Web page caption snippets:
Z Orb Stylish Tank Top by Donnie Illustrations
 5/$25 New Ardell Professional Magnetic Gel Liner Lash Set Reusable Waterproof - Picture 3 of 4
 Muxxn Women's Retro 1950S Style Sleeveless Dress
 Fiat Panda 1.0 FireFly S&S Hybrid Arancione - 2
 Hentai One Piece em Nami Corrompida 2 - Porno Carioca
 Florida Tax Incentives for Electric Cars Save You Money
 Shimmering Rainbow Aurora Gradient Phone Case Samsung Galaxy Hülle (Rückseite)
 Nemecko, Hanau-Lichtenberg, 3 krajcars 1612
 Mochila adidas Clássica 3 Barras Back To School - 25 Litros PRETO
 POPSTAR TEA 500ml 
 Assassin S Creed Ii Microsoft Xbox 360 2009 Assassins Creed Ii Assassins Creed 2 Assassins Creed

_What needs to be done_
Give back all of the data above without any alteration.

_Expected answer_
Z Orb Stylish Tank Top by Donnie Illustrations
 5/$25 New Ardell Professional Magnetic Gel Liner Lash Set Reusable Waterproof - Picture 3 of 4
 Muxxn Women's Retro 1950S Style Sleeveless Dress
 Fiat Panda 1.0 FireFly S&S Hybrid Arancione - 2
 Hentai One Piece em Nami Corrompida 2 - Porno Carioca
 Florida Tax Incentives for Electric Cars Save You Money
 Shimmering Rainbow Aurora Gradient Phone Case Samsung Galaxy Hülle (Rückseite)
 Nemecko, Hanau-Lichtenberg, 3 krajcars 1612
 Mochila adidas Clássica 3 Barras Back To School - 25 Litros PRETO
 POPSTAR TEA 500ml 
 Assassin S Creed Ii Microsoft Xbox 360 2009 Assassins Creed Ii Assassins Creed 2 Assassins Creed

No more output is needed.